When is Superior Capsular Reconstruction Surgery Utilized?
In rotator cuff repair surgery, a torn rotator cuff tendon is surgically mobilized and then anchored to its normal bony attachment site. However, some patients present having severely torn most or all of their rotator cuff tendons. These massive tears did not happen overnight. These massive rotator cuff tears are severely retracted from where the tendon normally attaches. These massive tears are usually “acute on chronic” tears, wherein a patient has had a rotator cuff tendon tear and often never knew it as they lost strength very slowly over time and were able to compensate. However, usually there is then a small incident, such as a ground level fall, where the patient tears away some remaining tendon and the patient can no longer compensate. These patients present with severe shoulder pain and weakness. Many patients cannot even lift their arm overhead. An MRI of the shoulder often shows most of the rotator cuff tendons to be torn. Moreover, the supraspinatus (rotator cuff tendon on the top of the shoulder) is often severely retracted from its normal attachment site, being pulled back 3 inches or so. Historically, nothing could be done for these severely retracted supraspinatus tears as they would not stretch back to where they belong, and a surgeon could only repair those tendon tears that could be adequately mobilized and reattached to their attachment site. However, Superior Capsular Reconstruction (SCR) is a newer shoulder surgical technique that Dr. Cunningham has utilized in many patients who had a massive, severely retracted supraspinatus and/or infraspinatus rotator cuff tear that was not repairable.

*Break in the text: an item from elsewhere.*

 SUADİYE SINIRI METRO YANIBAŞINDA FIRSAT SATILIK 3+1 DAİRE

What is done in Superior Capsular Reconstruction Surgery?
The rotator cuff normally holds the humeral head down in the glenoid or socket and powers the shoulder. However, in massive, retracted rotator cuff tears, the humeral head migrates upward partially out of the socket. In superior capsular reconstruction, a piece of donor tissue is anchored in the shoulder in place of the irreparable rotator cuff tendons. This piece of donor tissue helps hold the ball (humeral head) down in the socket (glenoid) of the shoulder, thus giving mechanical advantage to the remaining repairable or intact rotator cuff tendons. This along with repairing the other rotator cuff tendons can result in great pain relief as well as improvements in shoulder strength, usually restoring a patient’s ability to once again lift their arm overhead. In addition, SCR helps to slow the progression of glenohumeral arthritis.
Superior Capsular Reconstruction Surgical Technique
A superior capsular reconstruction is performed arthroscopically through small incisions called portals. A thick dermal allograft is fixated to the superior aspect of the glenoid as well as to the greater tuberosity, which is where the supraspinatus and infraspinatus normally attach to the humeral head. Biocomposite anchors and strong suture are used to fix the graft in place. The allograft then grows into the bony attachment sites and acts as a “trampoline” to reduce superior migration and restore anatomic function and maximize rotator cuff biomechanics.

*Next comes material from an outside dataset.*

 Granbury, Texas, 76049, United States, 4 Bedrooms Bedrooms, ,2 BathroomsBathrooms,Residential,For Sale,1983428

What is the Goal of a Superior Capsular Reconstruction and Who is a Candidate?
Chronic massive rotator cuff tendon tears present a difficult orthopaedic problem, and until recently the only other solution was reverse total shoulder replacement. SCR is a biological alternative to replacing the shoulder joint with metal and plastic. This biological procedure is a great alternative for active patients or younger patients who would prematurely wear out a shoulder replacement.
Recovery from a Superior Capsular Reconstruction
Patients will find the recovery from superior capsular reconstruction surgery to be slower than that of a traditional rotator cuff tendon repair surgery, as it takes longer for the donor tissue to heal to the bone. Patients are placed in a sling for the first 10 weeks postoperatively and are only allowed to do passive shoulder range of motion during this time. Physical therapy is not typically initiated until after the 6 week postoperative appointment. The goal during the initial phase is to protect the surgical site and to allow for the allograft to start to heal to the bone. The patient will only perform pendulum exercises outside of the sling to reduce the risk of postoperative stiffness in the first 6 weeks. At 6 weeks, we allow the patient to do passive range of motion (PROM) under the supervision of a physical therapist. The physical therapist will take the arm and move it to improve motion without having the patient engage their shoulder musculature. At 10 weeks, the patient may begin slightly activating their muscle during PROM exercises, doing active assisted range of motion (AAROM). At 12 weeks postoperatively, they patient may discontinue the sling and begin active shoulder range of motion (AROM), lifting the arm under their own power. From this point, they may increase their motion actively as tolerated. They will begin gentle strengthening exercises at 14-16 weeks from surgery. Patients often have less pain than they had prior to surgery at 3 months from surgery. However, patients have lost strength in their shoulder over many years, so to get good strength back may take 1 year from the date of surgery.